El número de víctimas de desplazamiento forzado volvió a batir récord en 2018 al alcanzar los 70,8 millones entre refugiados, solicitantes de asilo y desplazados internos.

De manera global, la cifra de personas que se han visto forzadas a desplazarse se ha duplicado en cuestión de veinte años y en 2018 fueron 2,3 millones de personas más que el año anterior, explicó el alto comisionado de la ONU para los refugiados, Filippo Grandi.

Según los datos más recientes, 37.000 personas fueron obligadas cada día a abandonar sus hogares por conflicto, violencia o violaciones de sus derechos humanos.

La crisis en Venezuela ha acaparado en gran medida la conferencia de prensa que Grandi ofreció con motivo de la publicación del informe anual de la Agencia de Naciones Unidas para los Refugiados (ACNUR), que detalla las últimas tendencias del desplazamiento forzado en el mundo, en la víspera del Día Mundial de los Refugiados, el 20 de junio.

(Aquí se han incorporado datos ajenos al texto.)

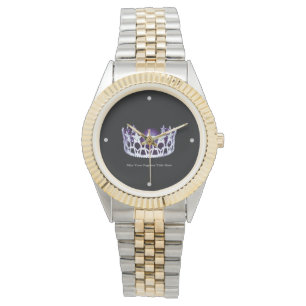 Montre Miss USA America Style Custom Two-Tone Watch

A ese respecto ha precisado que, si bien una minoría de venezolanos que han abandonado su país ha pedido asilo, la mayoría necesita protección internacional ya que su éxodo se debe a la inseguridad, el miedo a ser blanco de represalias por sus opiniones políticas, a la escasez de alimentos, de medicinas y servicios públicos, o a la imposibilidad de mantenerse a sí mismos y sus familias.

De todas las personas del mundo que han sufrido desplazamiento forzado, la mayoría (41,3 millones) se ha quedado en su propio país.

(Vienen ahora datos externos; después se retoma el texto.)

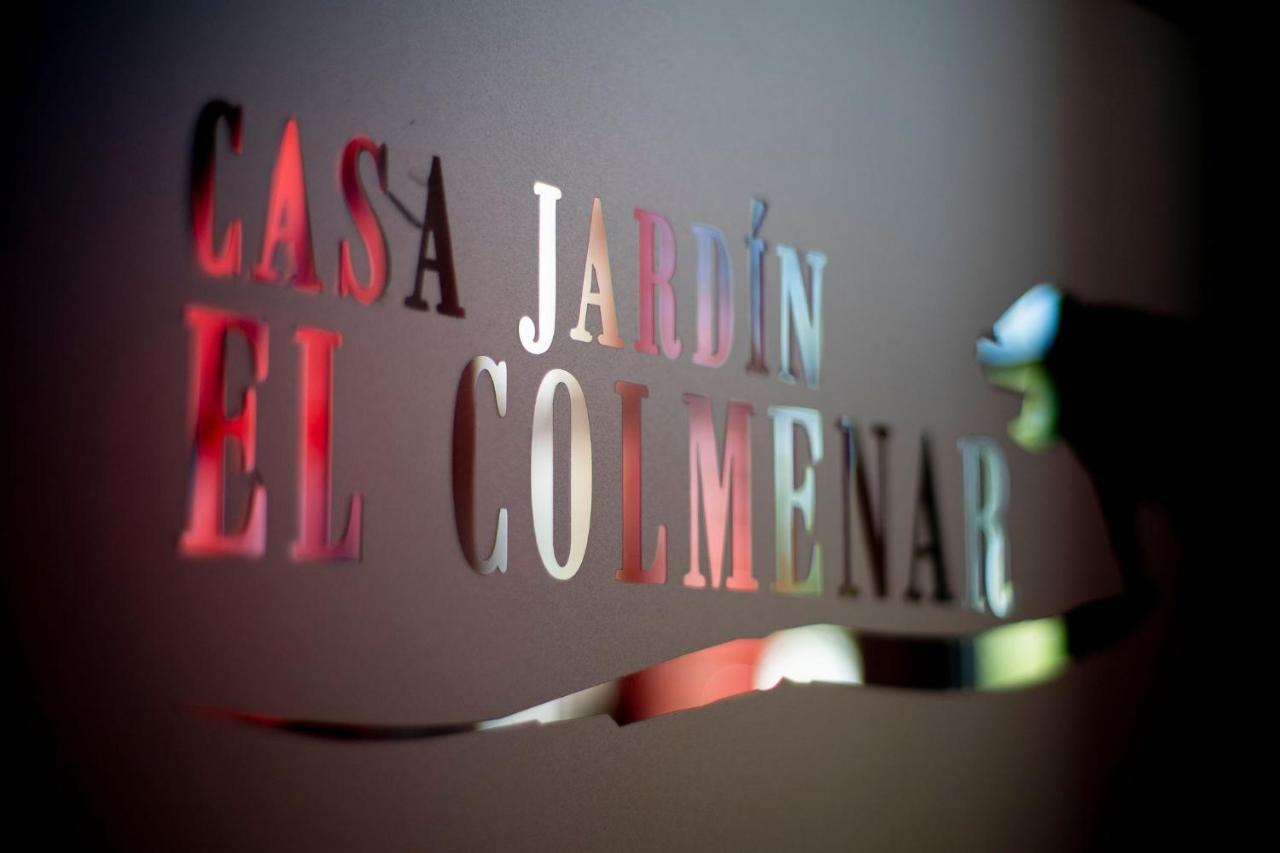 Casa Jardin El Colmenar Hotell Las Navas del Marqués Exteriör bild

Por su parte, los refugiados (aquellos que han cruzado una frontera internacional) totalizaron 25,9 millones en 2018 (500.000 más con respecto a un año antes), mientras que hay 3,5 millones de solicitantes de asilo.

Por cuarto año consecutivo Turquía fue el país que recibió la mayor población de refugiados en el mundo (3,7 millones), seguida por Pakistán, Uganda, Sudán y Alemania.

Otro dato que emerge del informe es que la mitad de los refugiados son niños, lo que desmiente el discurso antimigración que intenta confundir a los refugiados con migrantes con fines económicos.

Grandi criticó además la reciente retórica hostil hacia migrantes y refugiados.

"En Estados Unidos, igual que en Europa y en otras partes del mundo, estamos siendo testigos de una identificación de los refugiados _ pero no solo de los refugiados, también de los migrantes _ con gente que viene a quitarnos el trabajo y amenazar nuestra seguridad, nuestros valores", apunto. "Y quiero decirle al gobierno de Estados Unidos, al presidente, pero también a los líderes de todo el mundo: Esto es perjudicial".